══ EXTRACTED DATA ══

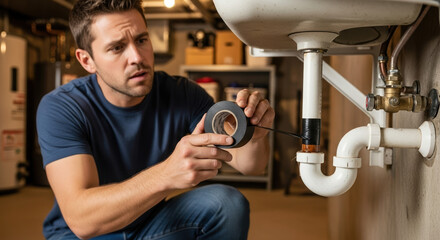 Plumber repairing pipe under sink with tape.  Home repair involves fixing leaky pipe using waterproof tape. Professional plumber uses special tape for plumbing repair.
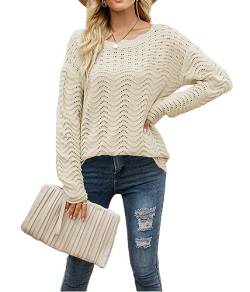 YUTILA Damen Crochet Pullover Schulterfrei Lose Aushöhlung Häkeln Pulli Solid Strickpullover von YUTILA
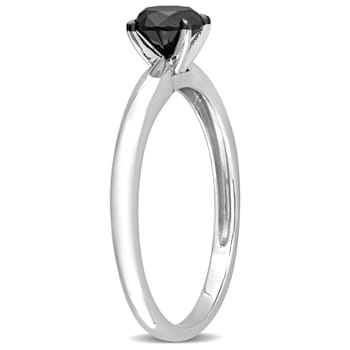 3/4 ct Black Diamond Solitaire Engagement Ring in 14K White Gold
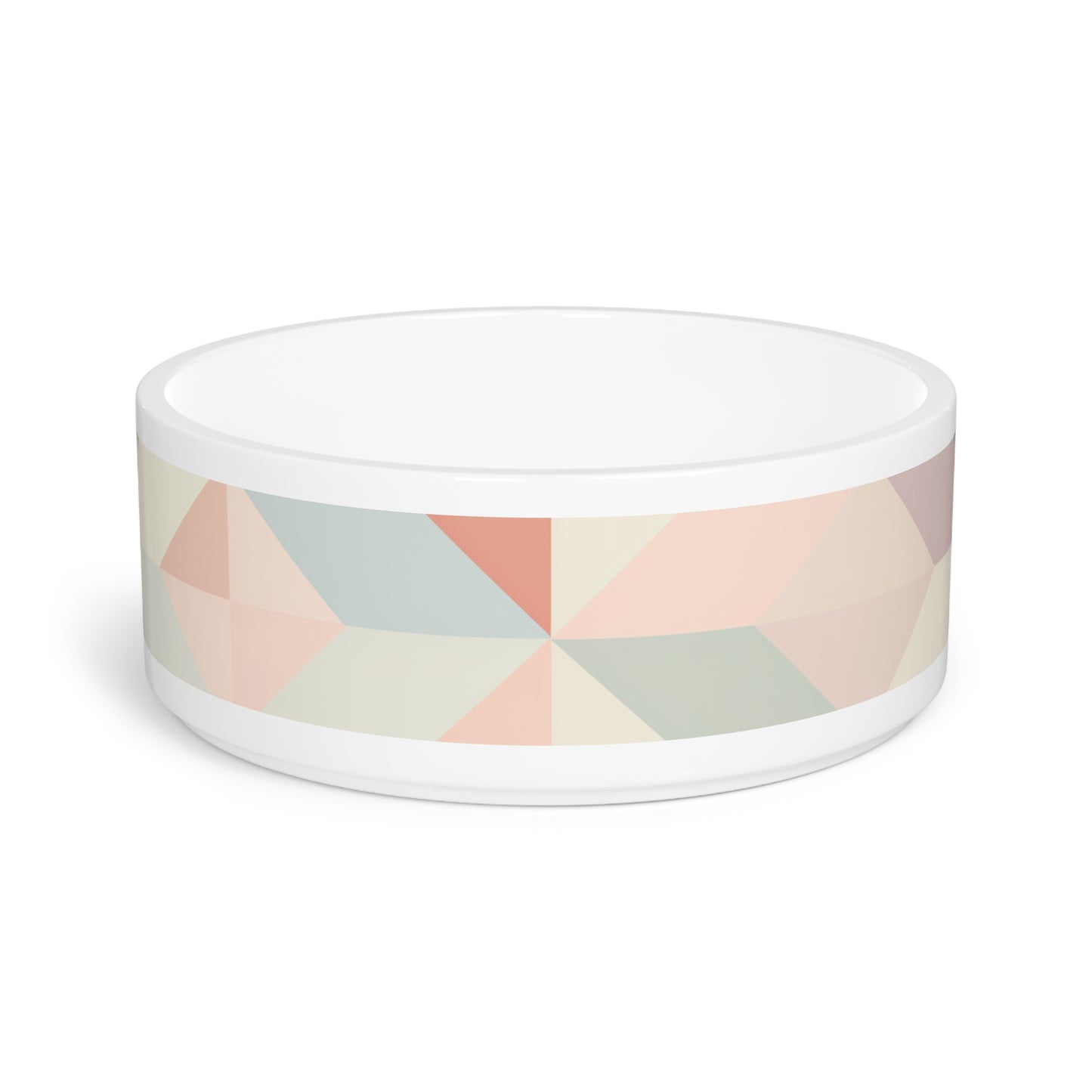 Chic Pastel Geometric Pet Bowl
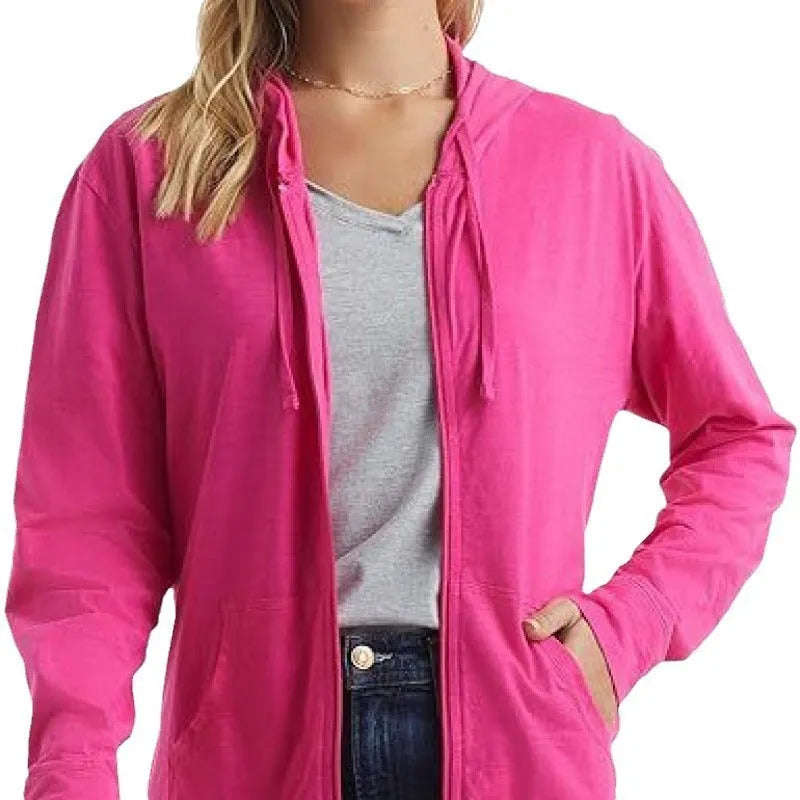 Women's loose fit polyester hoodie in solid colour with long sleeves, available in black, white, grey, dark blue, sky blue, dark pink.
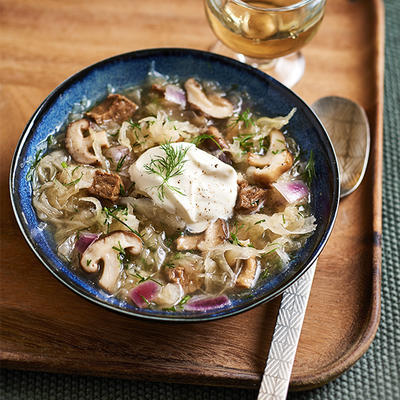 sauerkraut soup with shiitakes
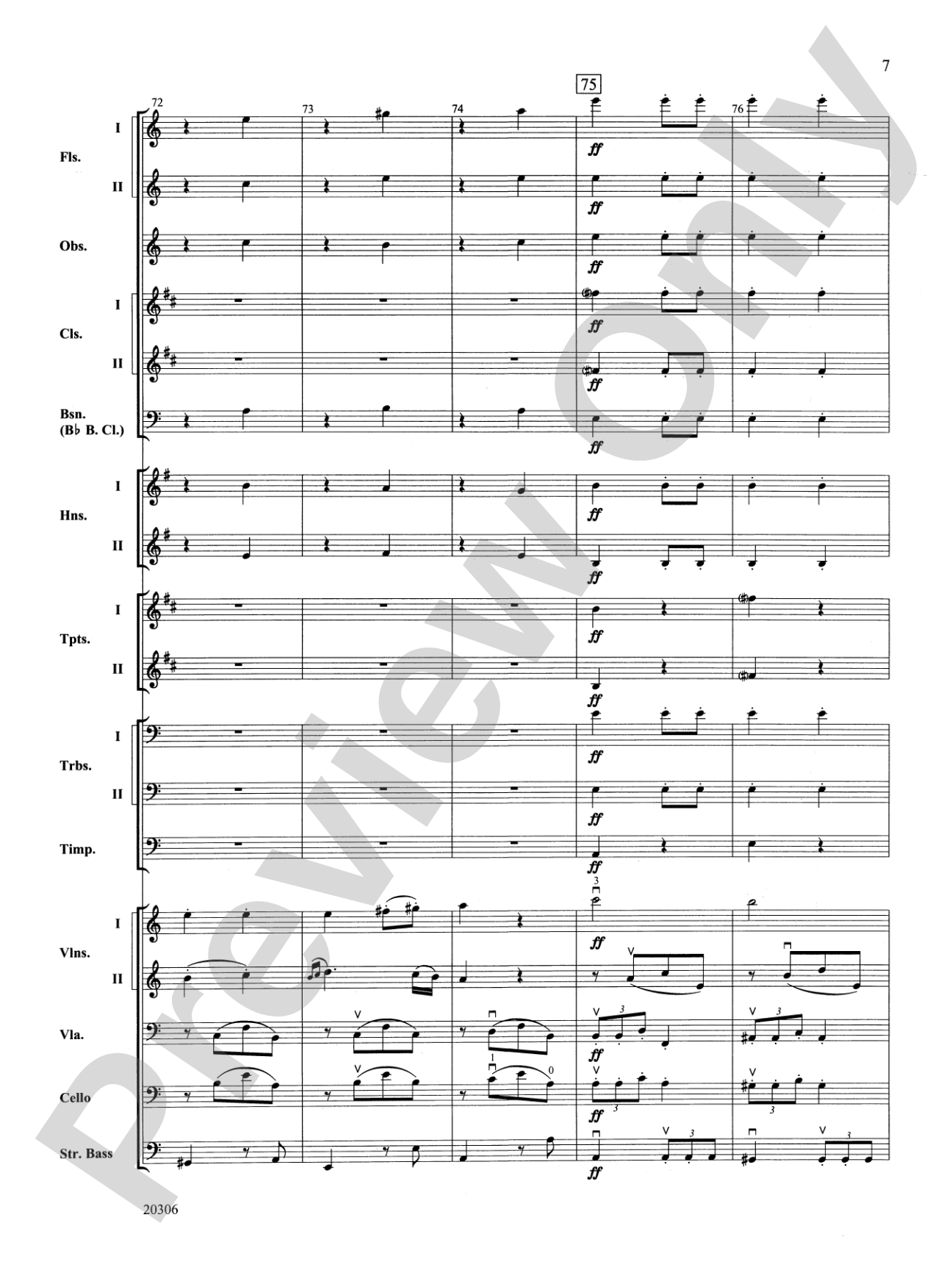 Symphony No. 7 (2nd Movement): Full Orchestra Conductor Score & Parts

═══

The answer is the full listing above, repeated exactly, with its pictures removed.

 Plumber repairing pipe under sink with tape.  Home repair involves fixing leaky pipe using waterproof tape. Professional plumber uses special tape for plumbing repair.
 YUTILA Damen Crochet Pullover Schulterfrei Lose Aushöhlung Häkeln Pulli Solid Strickpullover von YUTILA
 3/4 ct Black Diamond Solitaire Engagement Ring in 14K White Gold
 Chic Pastel Geometric Pet Bowl
 Women's loose fit polyester hoodie in solid colour with long sleeves, available in black, white, grey, dark blue, sky blue, dark pink.
 sauerkraut soup with shiitakes
 Symphony No. 7 (2nd Movement): Full Orchestra Conductor Score & Parts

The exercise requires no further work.